“I don't want to see Cheyenne get any bigger,” he says. “It will lose its Old West character.”
I sip my latte. “Old West character?”
He nods. “You know, Cheyenne Frontier Days, rodeo, country-western music, steaks as big as my cowboy hat, Old West shootouts, horses and cattle, boots and spurs.”
I look at Slim. He was wearing a plaid shirt and jeans. His UW ball cap rested on the table. On the way in, I saw that he wore sensible shoes. “Nobody's trying to take away your boots, Slim.”
He shakes his head. “All of these people moving into Laramie County,” he said. “They'll change the place. It will lose its conservative character.”
I thought about the recent election. Wyoming's lone Republican House member and one of its Republican senators were reelected by wide margins. Democrats lost one of their 14 legislative seats (out of 90). Tea Party types were elected to the county commission. The state gave Romney his second-biggest margin (after Utah) over President Obama. Meanwhile, our southern neighbor Colorado legalizes marijuana and goes even more blue and it's one of the battleground states that hands Obama the victory.
“So you expect an invasion of Colorado Liberals any day?” I ask.
“We have a new supercomputing center west of town and Microsoft is building a data center right next door. Microsoft is also building a test site east of town to see if biogas from our waste treatment plant can power computers.”
“What's wrong with that,” I say. “Isn't that economic development? Don't you want your kids and grandkids to find good jobs in Wyoming?”
“But we give these companies millions of dollars in financial incentives. Why do the taxpayers have to foot the bill? Microsoft owns the damn planet.”
“That's Google that owns the planet, and maybe Facebook.” I smile. I know that Slim is on Facebook a lot with his pet rants. I've been tempted to unfriend him but don't want to hurt his feelings.
“And downtown? Why does the city have to subsidize downtown development. Let the free market decide what businesses go downtown.”
“The free market turned downtown into a ghost town. It wasn't until the legislature provided funding and the city matched it that we were able to save the train depot and turn it into a gathering place and a museum and that wonderful outdoor plaza. I've seen you at the downtown farmer's market.”

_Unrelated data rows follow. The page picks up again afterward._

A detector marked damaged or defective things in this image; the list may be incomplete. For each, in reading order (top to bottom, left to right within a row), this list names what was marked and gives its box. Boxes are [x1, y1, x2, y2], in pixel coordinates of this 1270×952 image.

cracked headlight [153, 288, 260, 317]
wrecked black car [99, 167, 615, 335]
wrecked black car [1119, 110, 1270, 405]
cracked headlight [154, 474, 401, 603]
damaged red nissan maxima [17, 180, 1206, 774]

“You can have a farmer's market anywhere. A Wal-Mart parking lot, for instance.”
“Why isn't it at the Wal-Mart parking lot?”
“Hell if I know.”
“Maybe Wal-Mart fears the competition? Maybe it doesn't like vegans and assorted Liberals wandering around its parking lot?”
“It's no competition to Wal-Mart. They're even building another Super Wal-Mart east of town. I love shopping at Wal-Mart because I know it irritates you Lefties.”

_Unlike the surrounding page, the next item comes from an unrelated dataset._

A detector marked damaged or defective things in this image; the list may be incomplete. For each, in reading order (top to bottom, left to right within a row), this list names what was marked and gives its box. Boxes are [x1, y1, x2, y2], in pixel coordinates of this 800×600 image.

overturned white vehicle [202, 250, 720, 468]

He had me there. “What would you do about downtown, Slim? How would you deal with all of those absentee landlords who are holding on to their properties so they can maximize their investment when commercial real estates improves.”
“I have no problem with that. People should be able to do what they want with their property. We don't need the U.N. coming in a taking away our God-given right to own a building or a piece of land.”
“Even when doing so damages the livability of your town?”
Slim puts down his coffee. “Livability. There you go with some of that U.N. Agenda 21 lingo.”
“I'm just talking about making my town a nice place to live. Isn't that what you want?”
“I want to live in a place where a man's home is his castle and he can protect it any way he wants. I don't need some urban city planners coming in spouting about social justice and environmental justice, telling me I can't burn wood in my fireplace or park my RV out on the street.”
I'd read an interview in our local paper with new county commissioners M. Lee Hasenauer and Buck Holmes. They are both fixated on Agenda 21 and urban planners spouting off about social justice. They want to keep Laramie County western, whatever that means. “You're against planning for the future?”
“I'm against big city experts coming in and doing the planning,” says Slim.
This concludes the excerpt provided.